Assignment:
Before copying, find the line below that contains "กิจกรรมสอนจับผ้าประดับโต๊ะ"; then return it and all later lines exactly, up to and including the final line, with no pictures.

========

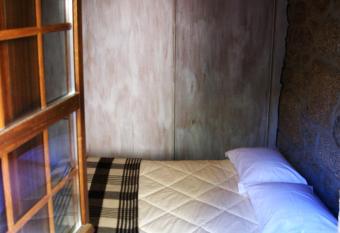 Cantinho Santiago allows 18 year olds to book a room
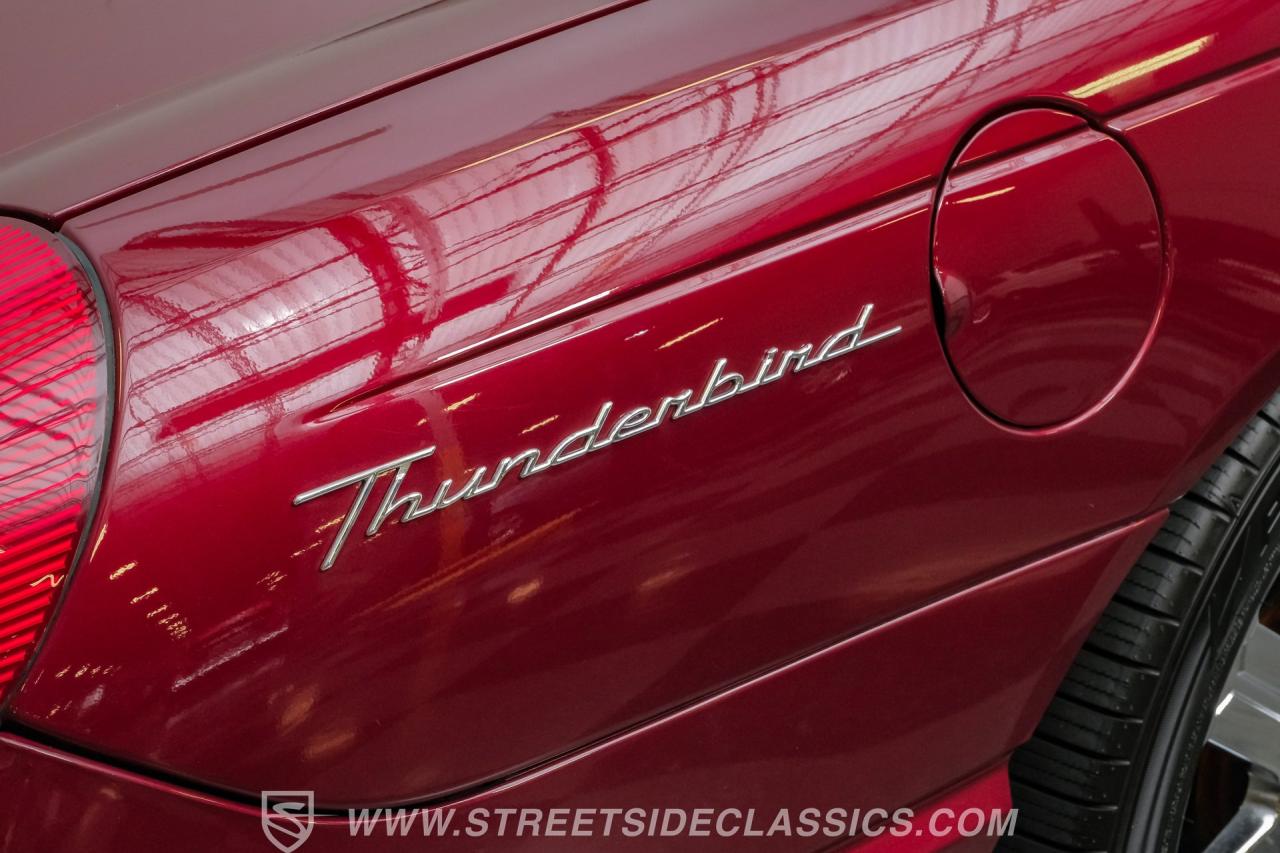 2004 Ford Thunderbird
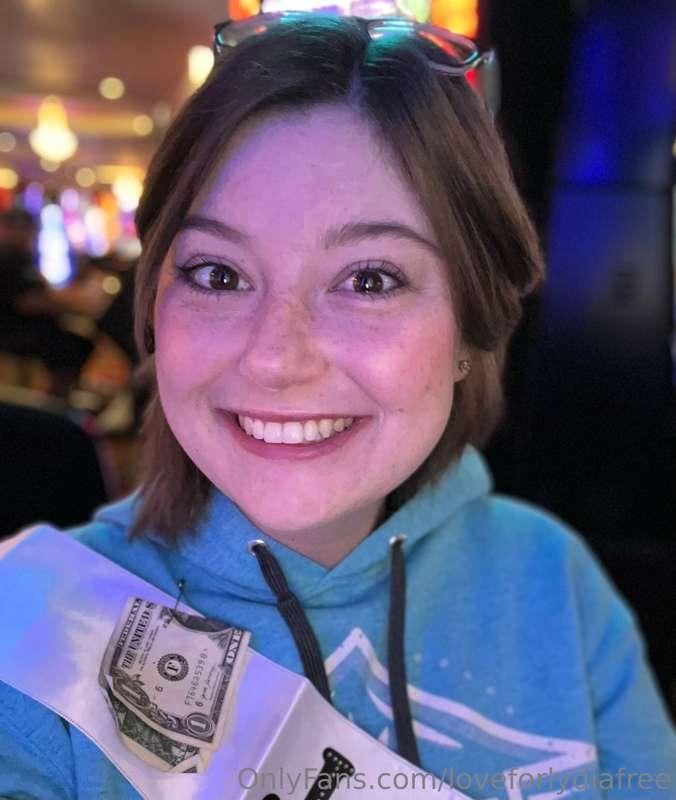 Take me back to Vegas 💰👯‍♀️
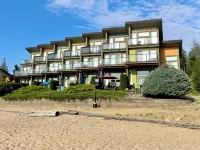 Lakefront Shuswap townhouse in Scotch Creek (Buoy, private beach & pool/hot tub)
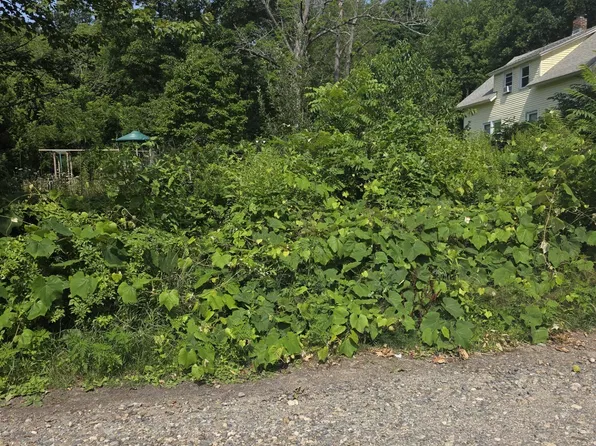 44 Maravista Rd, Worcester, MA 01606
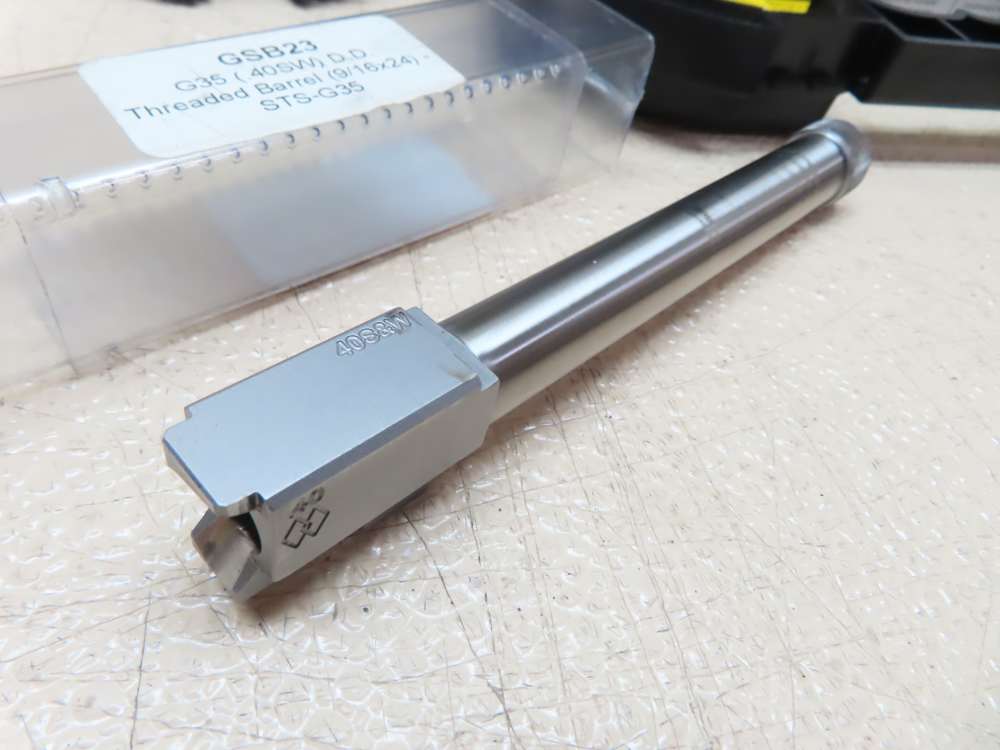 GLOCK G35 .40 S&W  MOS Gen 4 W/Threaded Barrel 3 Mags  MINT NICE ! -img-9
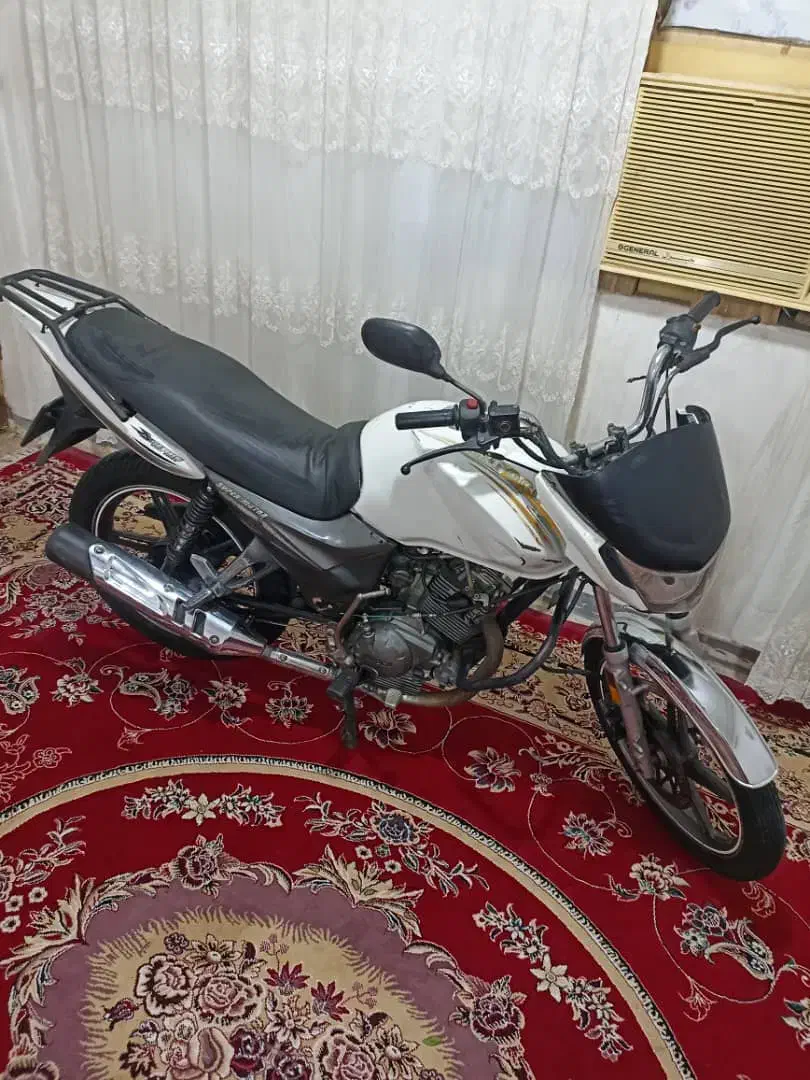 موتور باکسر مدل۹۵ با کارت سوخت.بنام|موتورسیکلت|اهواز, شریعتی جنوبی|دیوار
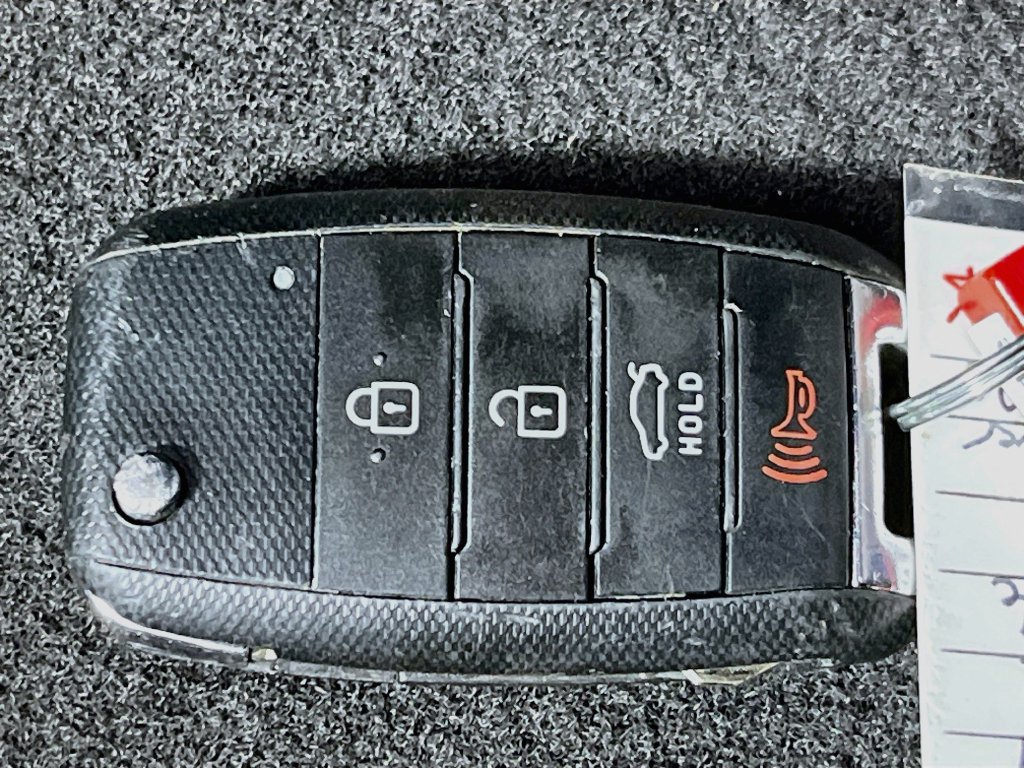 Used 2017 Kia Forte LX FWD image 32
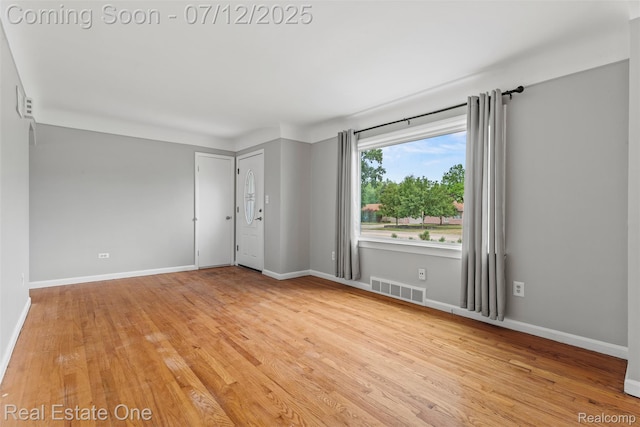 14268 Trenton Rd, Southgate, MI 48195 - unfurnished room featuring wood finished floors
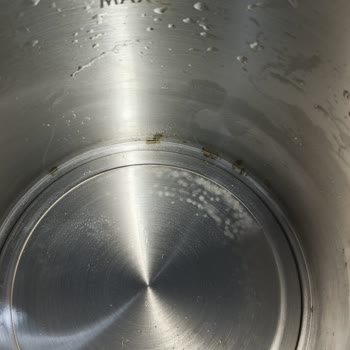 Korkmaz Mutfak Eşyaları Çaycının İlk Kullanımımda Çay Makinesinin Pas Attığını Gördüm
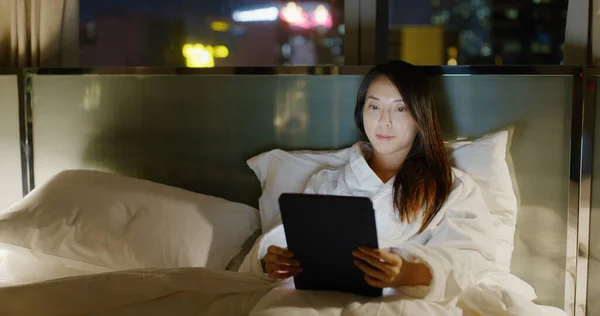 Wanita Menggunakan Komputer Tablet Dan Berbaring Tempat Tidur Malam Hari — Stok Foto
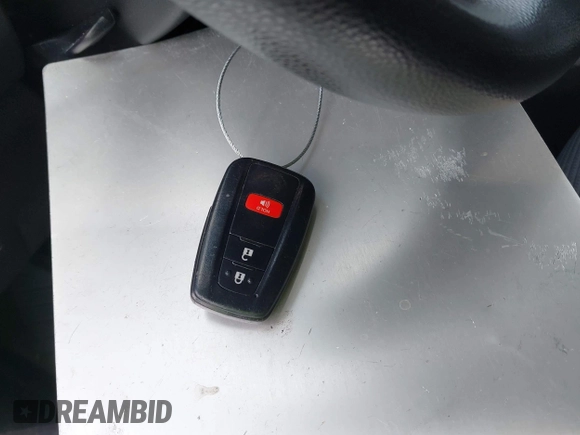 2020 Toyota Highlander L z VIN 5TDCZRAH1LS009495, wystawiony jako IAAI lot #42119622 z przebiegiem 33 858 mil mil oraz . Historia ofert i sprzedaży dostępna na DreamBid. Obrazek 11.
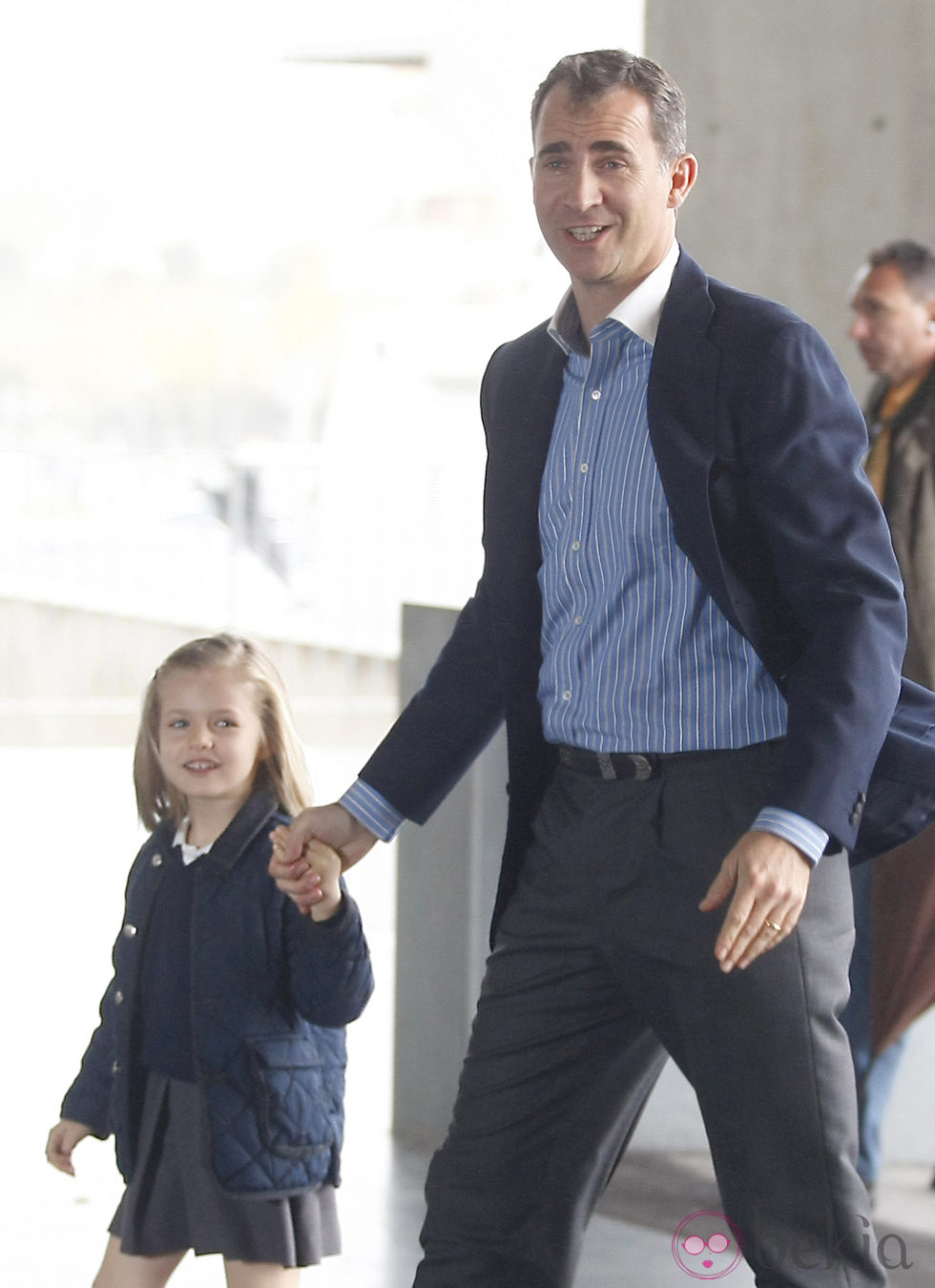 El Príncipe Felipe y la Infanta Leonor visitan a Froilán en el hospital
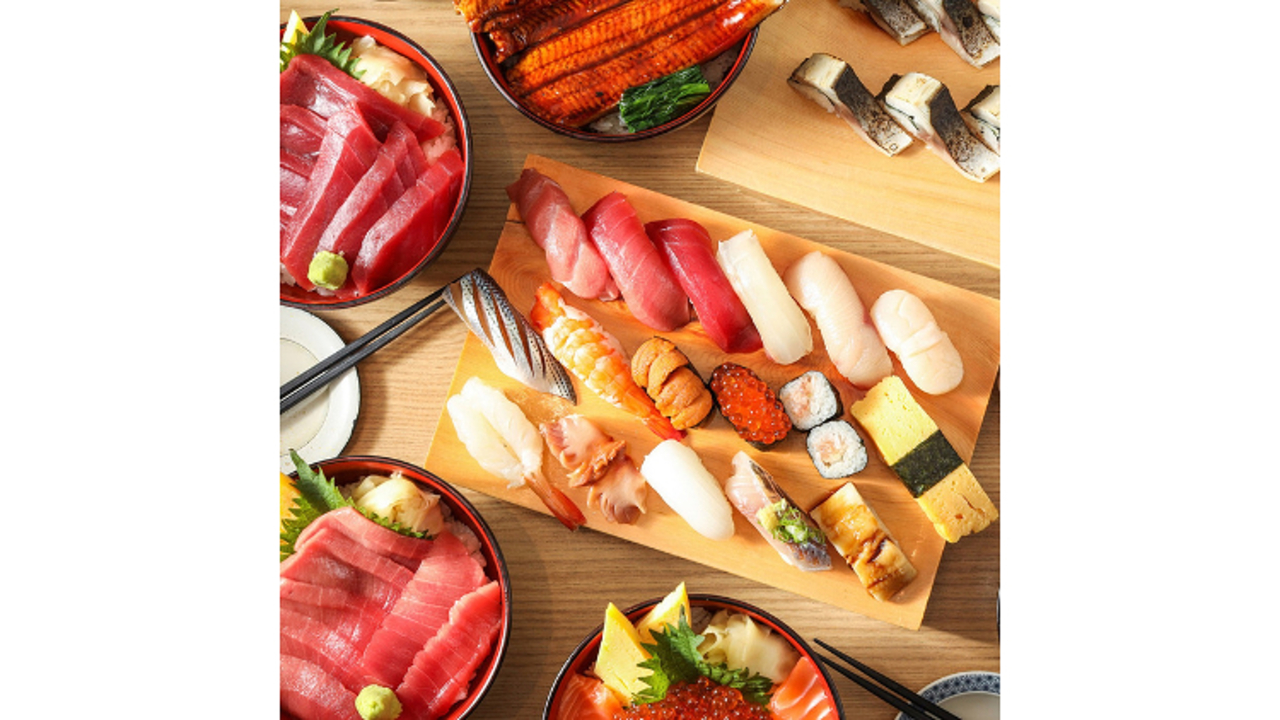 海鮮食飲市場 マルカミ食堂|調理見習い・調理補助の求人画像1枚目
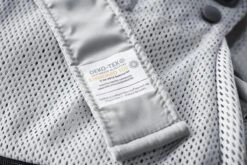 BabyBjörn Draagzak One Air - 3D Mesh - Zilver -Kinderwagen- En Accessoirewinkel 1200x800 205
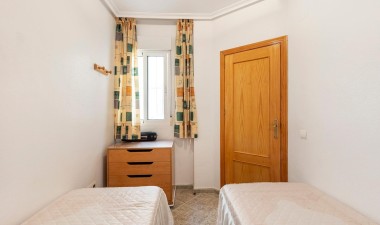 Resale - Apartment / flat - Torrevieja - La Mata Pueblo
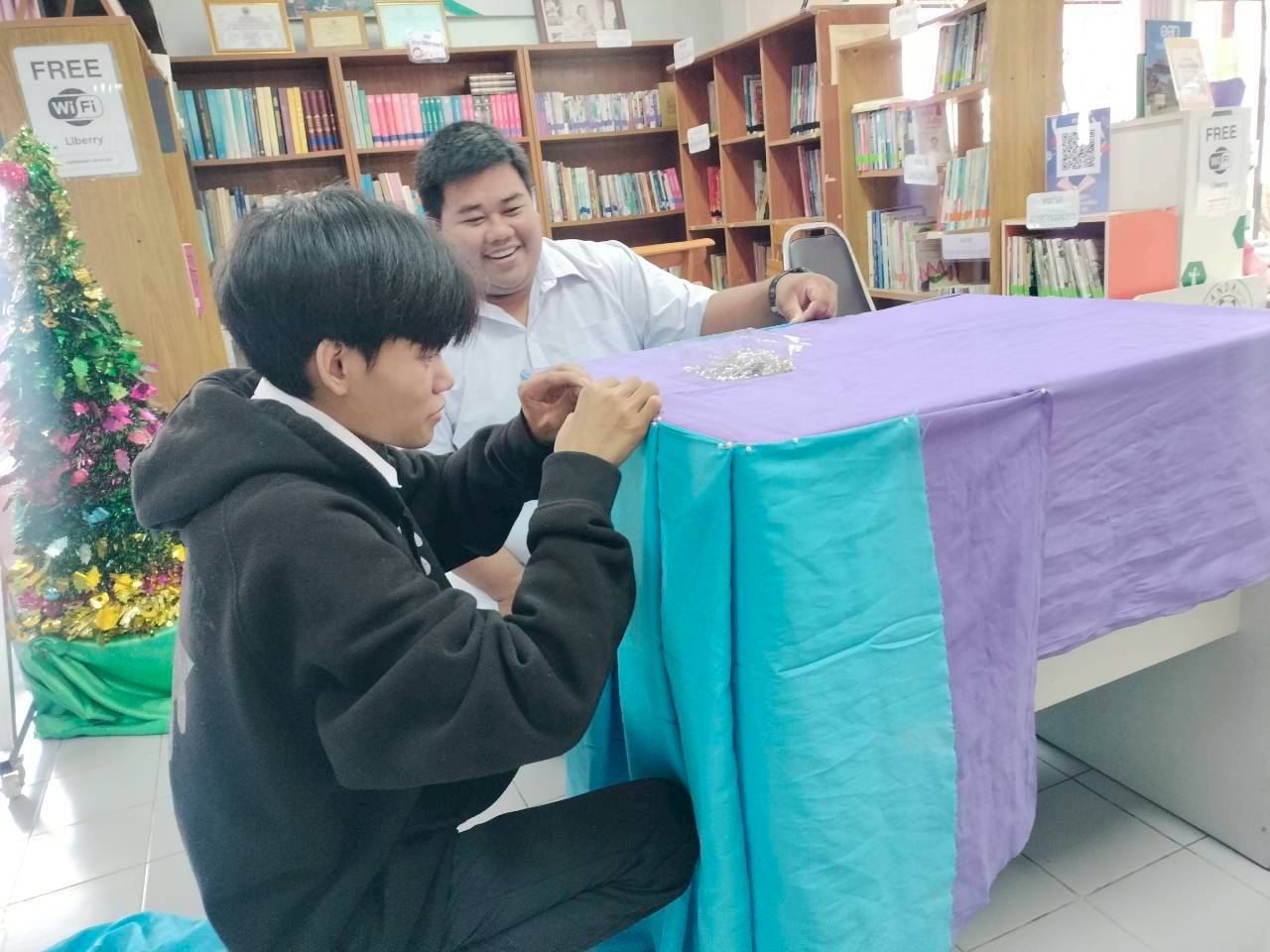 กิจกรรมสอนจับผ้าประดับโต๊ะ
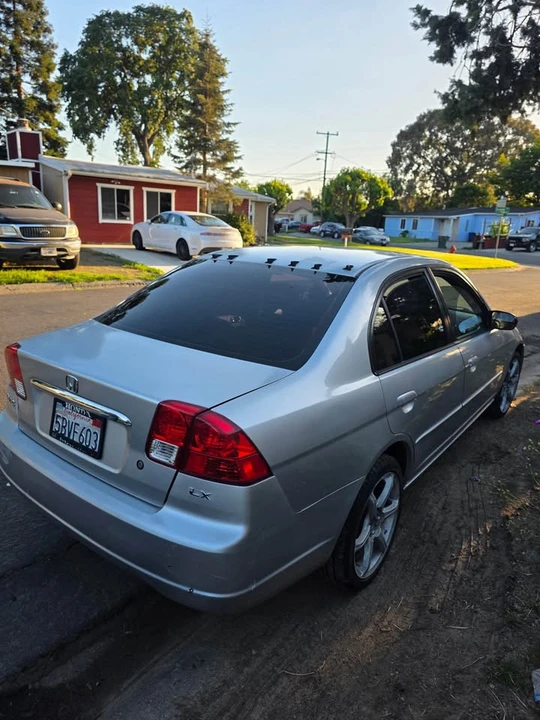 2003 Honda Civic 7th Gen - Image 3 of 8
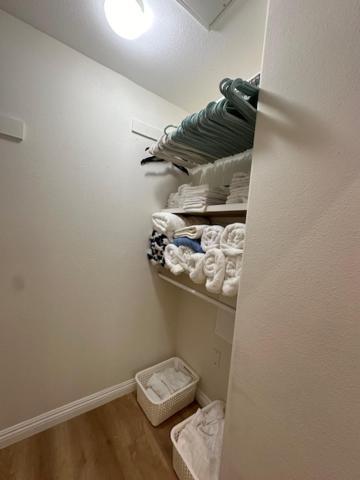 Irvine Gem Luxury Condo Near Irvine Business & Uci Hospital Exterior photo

========

Response:
 กิจกรรมสอนจับผ้าประดับโต๊ะ
 2003 Honda Civic 7th Gen - Image 3 of 8
 Irvine Gem Luxury Condo Near Irvine Business & Uci Hospital Exterior photo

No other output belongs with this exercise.